On June 18, 2007, during the ECHL Board of Governors Annual Meeting, the Ice Dogs membership in the ECHL was immediately terminated because the Long Beach ownership group was unable to continue to operate in 2007–08.

Meanwhile, former owner Barry Kemp, after originally being awarded a new franchise for Ontario, California, during the merger of the WCHL and ECHL that eventually became the Phoenix RoadRunners in 2005, relocated one of his other teams in 2008 to Ontario as the Ontario Reign.

== Notes ==
- NHL goaltenders Manny Legace and Nikolai Khabibulin played for the Long Beach Ice Dogs during their pro careers. Jaroslav Modry, Mark Hardy, Jaroslav Halak, Dan Lambert, Domenic Pittis, Patrik Stefan, and Patrik Augusta also spent some time with the Long Beach Ice Dogs.
- At the time the team folded, it was the ECHL affiliate of the Boston Bruins of the NHL, after spending the previous several years as an affiliate of both the Montreal Canadiens, Dallas Stars, Anaheim Ducks and Los Angeles Kings.

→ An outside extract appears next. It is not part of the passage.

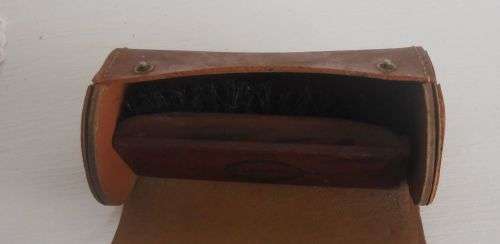 LEATHER "SHOE SHINE" POUCH AND BRUSH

- For two seasons the concrete beneath the ice at the Long Beach Arena was a light blue color, stemming from a previous sponsorship with the airline JetBlue. Because of this the blue lines on the ice were actually painted yellow, but were also marked by blue lines on the dasher boards. In addition, the creases in front of the goals were white instead of the typical light blue, since the rest of the rink was light blue. After the airline left as a sponsor team officials decided to leave the ice blue because it reflected less light than the normal white concrete during television broadcasts. The arena's ice has since been returned to the typical white color.